WHAT YOU ARE ASKED TO DO>
What you return should be the entries, unchanged, without their pictures.

··· LISTED ENTRIES ···

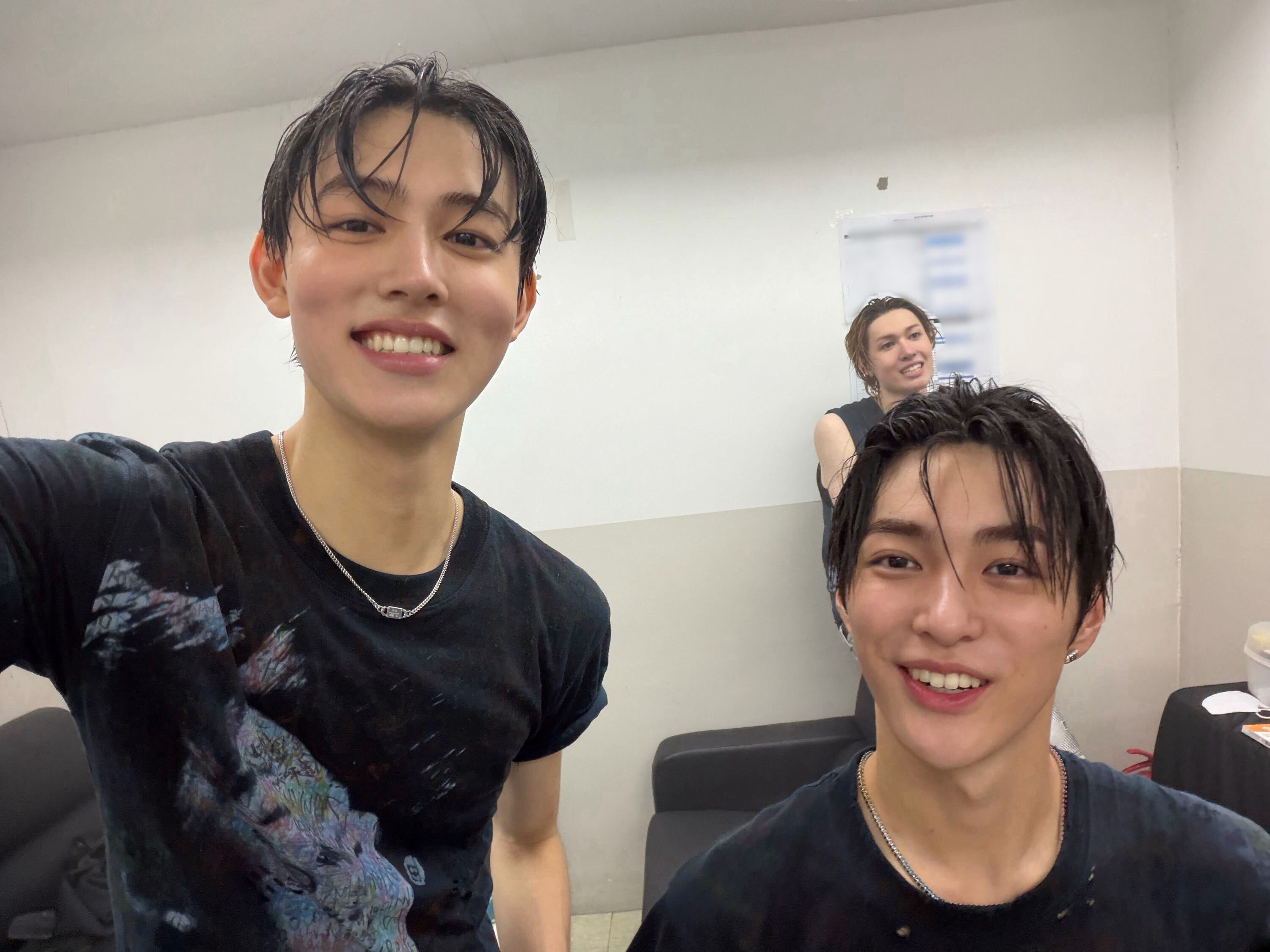 COER！！能够把我们在韩国的第一次巡演 PUT YOUR PHONE DOWN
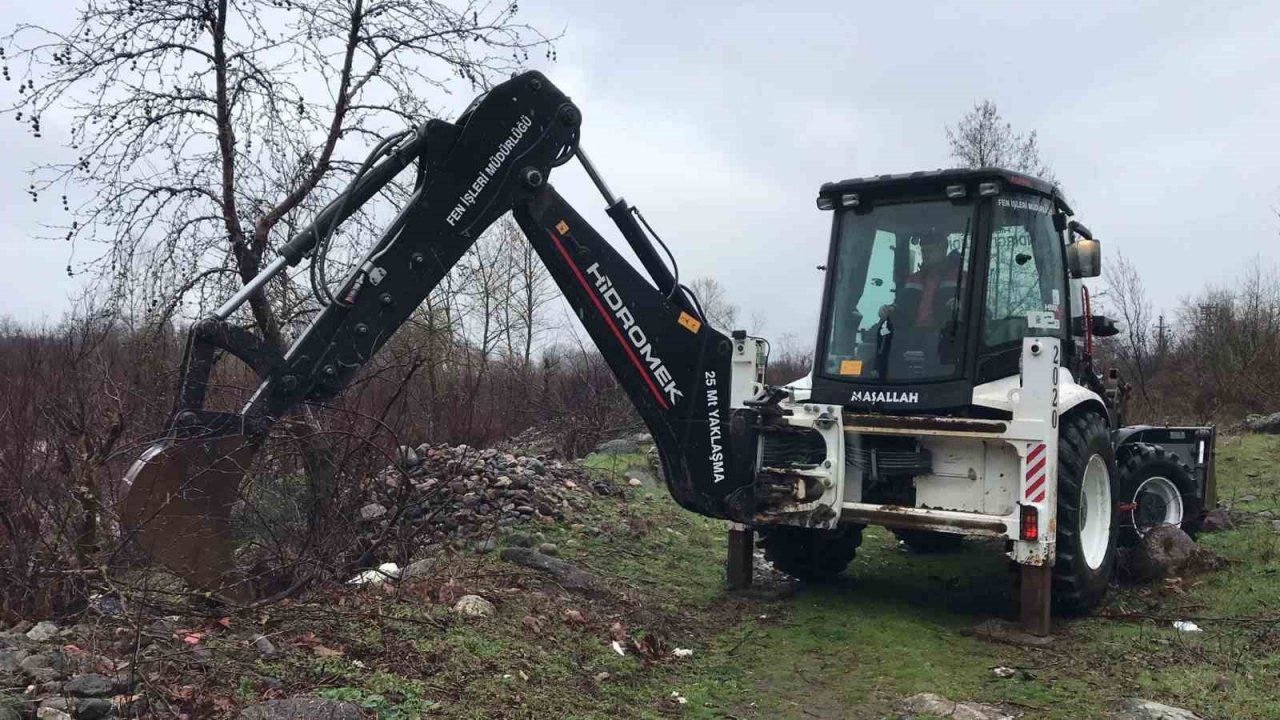 Derede akıntıya kapılan araçtan canlı çıktı, boğularak can verdi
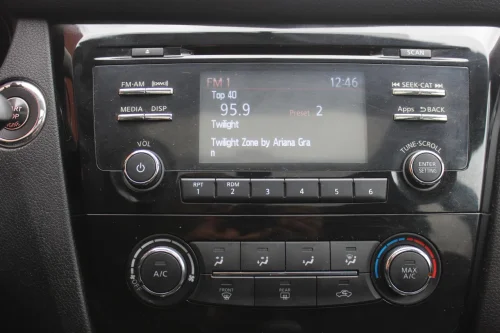 NISSAN Rogue — photo 16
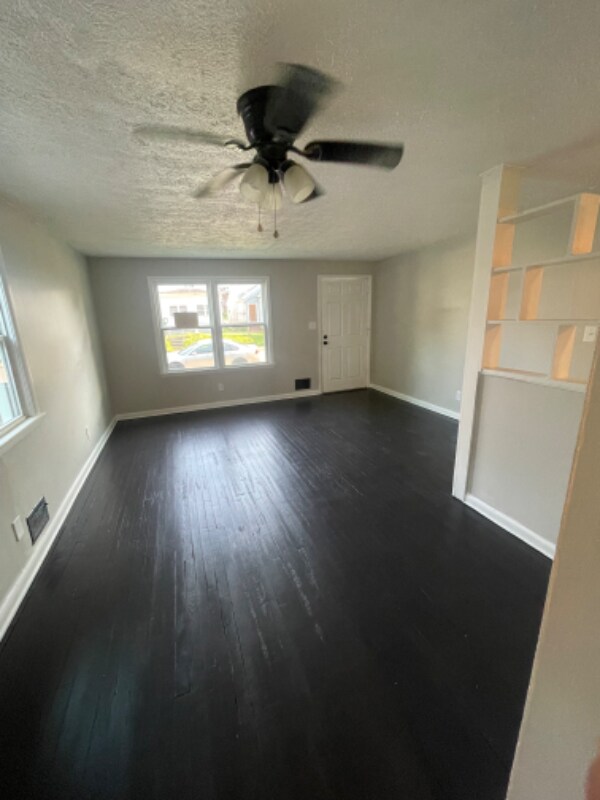 Building Photo - 1737 W Gaulbert Ave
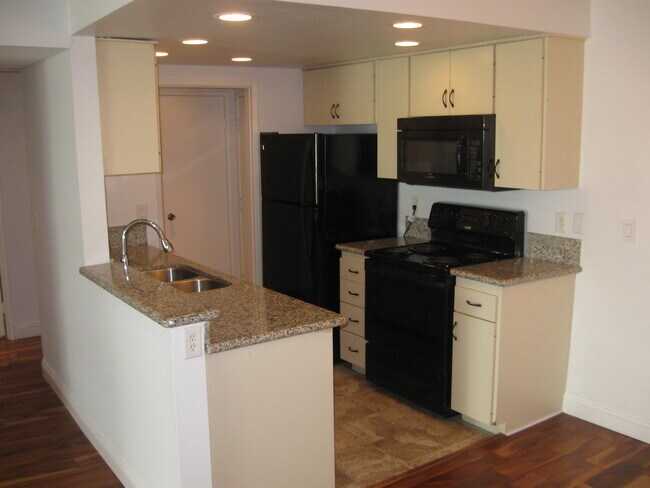 Building Photo - 8530 Holloway Dr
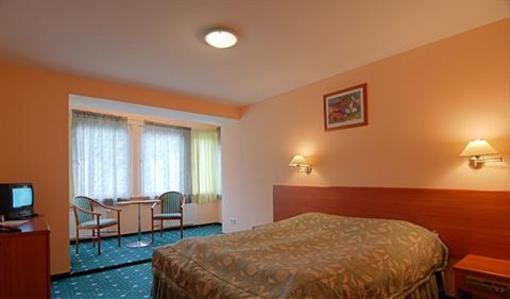 фото отеля Hotel Chojnik Jelenia Gora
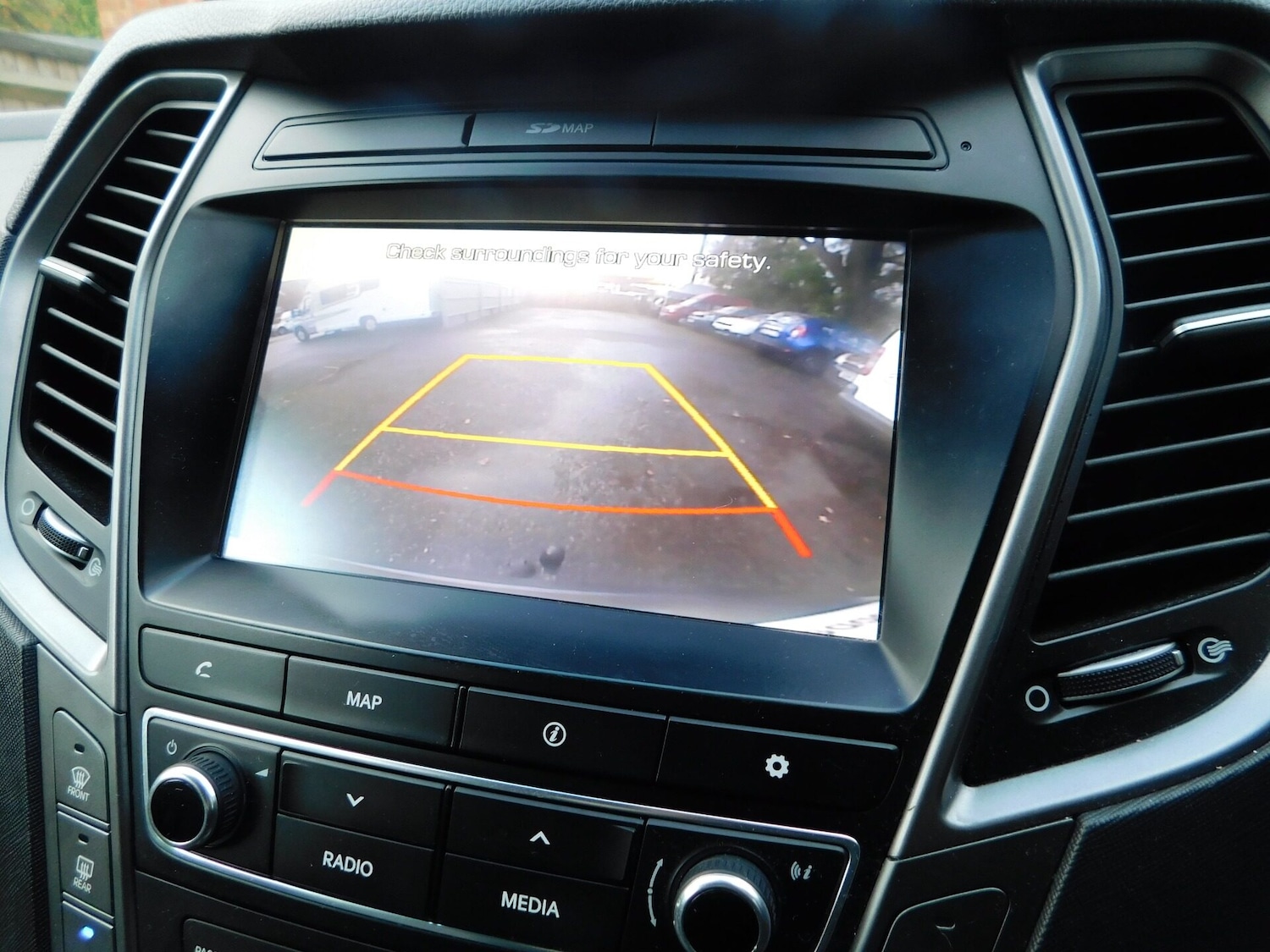 Used Hyundai Santa Fe 2018 for sale - 76581310: Photo 11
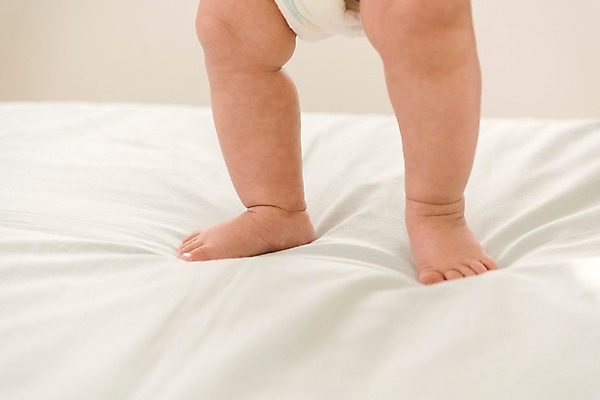 포토 JPG 남자 실내 한명 서기 앞모습 하반신 침대 다리 아기 남자아기한명만 국내포토 1 뷰포인트 가구 모션 사람 내부 신체부위 남자한명만 남자아기만 파일형식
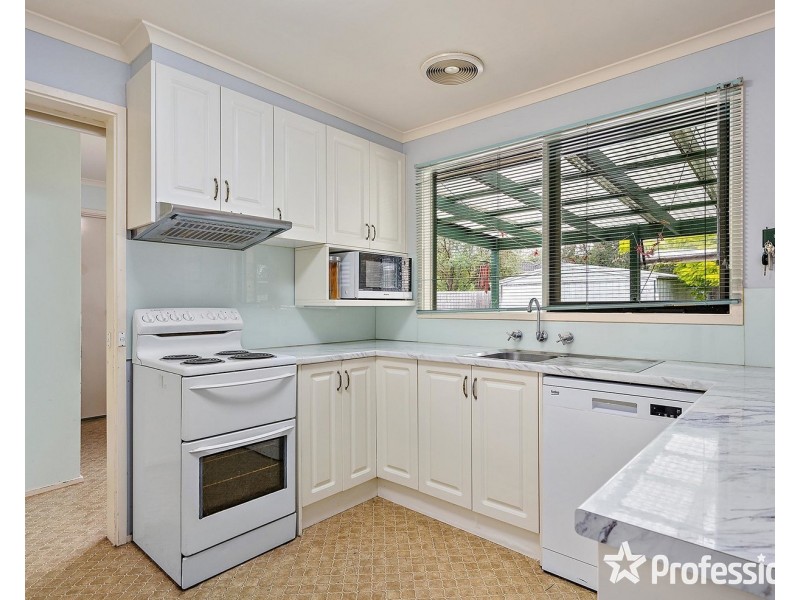 8 Parklands Avenue, Chirnside Park VIC 3116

···

ANSWER TO THE EXERCISE>
 COER！！能够把我们在韩国的第一次巡演 PUT YOUR PHONE DOWN
 Derede akıntıya kapılan araçtan canlı çıktı, boğularak can verdi
 NISSAN Rogue — photo 16
 Building Photo - 1737 W Gaulbert Ave
 Building Photo - 8530 Holloway Dr
 фото отеля Hotel Chojnik Jelenia Gora
 Used Hyundai Santa Fe 2018 for sale - 76581310: Photo 11
 포토 JPG 남자 실내 한명 서기 앞모습 하반신 침대 다리 아기 남자아기한명만 국내포토 1 뷰포인트 가구 모션 사람 내부 신체부위 남자한명만 남자아기만 파일형식
 8 Parklands Avenue, Chirnside Park VIC 3116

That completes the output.